Look through the data below and output, unchanged, every line from the one holding "Men's Charcoal Clemson" through the one holding "倍速链输送线精准定位方法", inclusive. Skip the pictures.
INFORMATION START
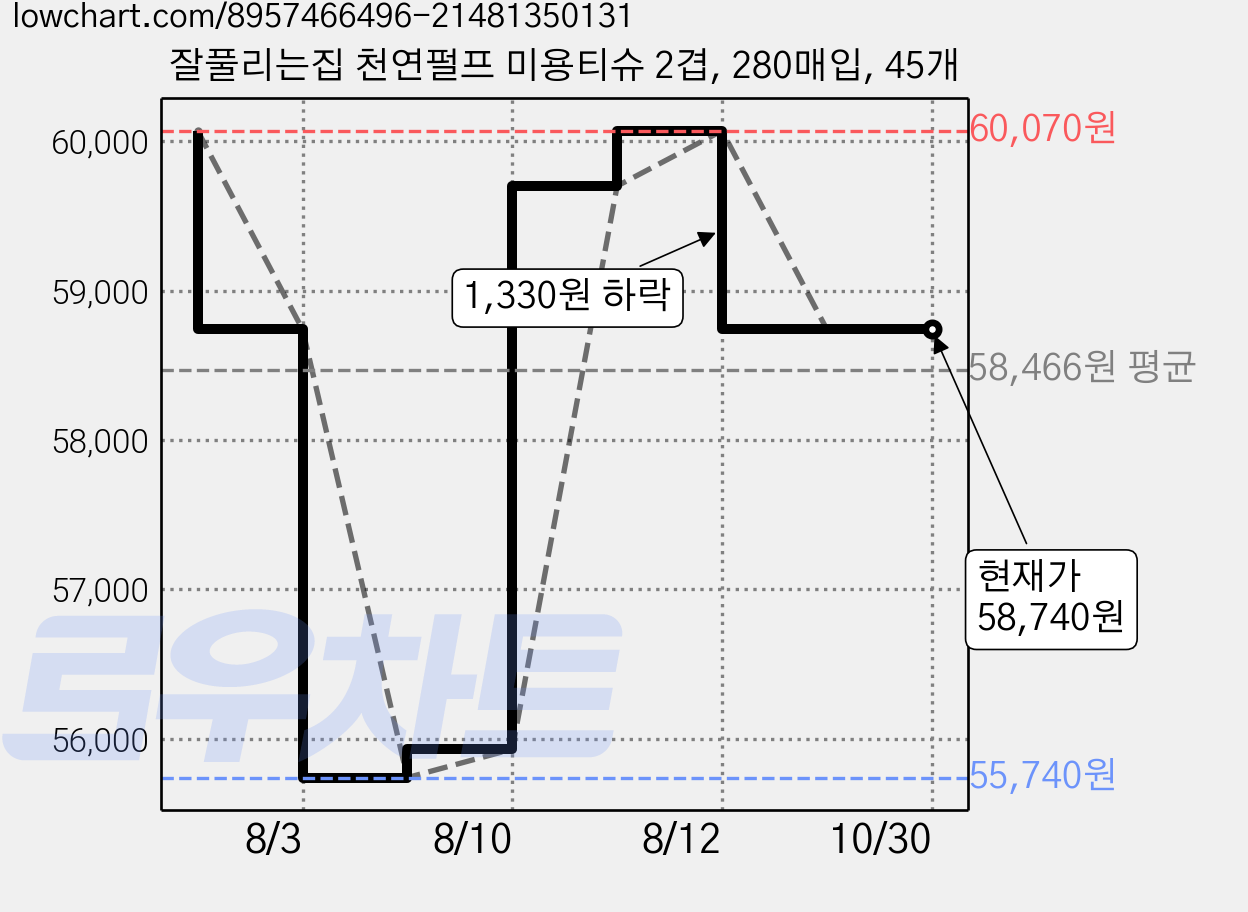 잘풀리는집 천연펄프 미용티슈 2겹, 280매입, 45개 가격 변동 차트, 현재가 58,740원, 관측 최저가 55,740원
INFORMATION END
INFORMATION START
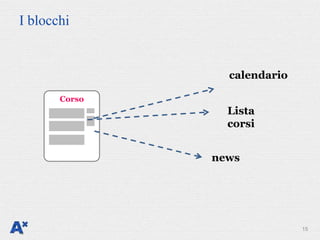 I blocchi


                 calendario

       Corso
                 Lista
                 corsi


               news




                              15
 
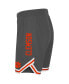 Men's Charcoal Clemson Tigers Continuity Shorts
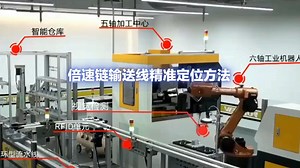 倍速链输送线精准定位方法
INFORMATION END
INFORMATION START
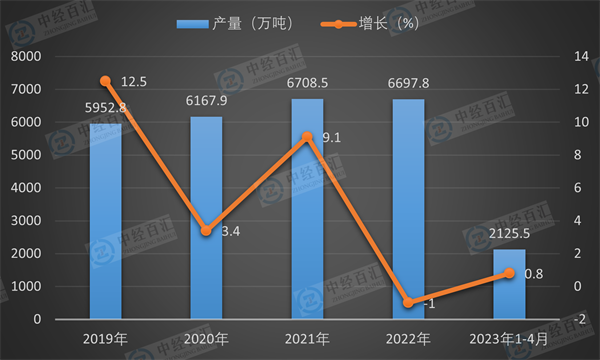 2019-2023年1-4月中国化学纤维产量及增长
INFORMATION END
*ANSWER SPACE*.
 Men's Charcoal Clemson Tigers Continuity Shorts
 倍速链输送线精准定位方法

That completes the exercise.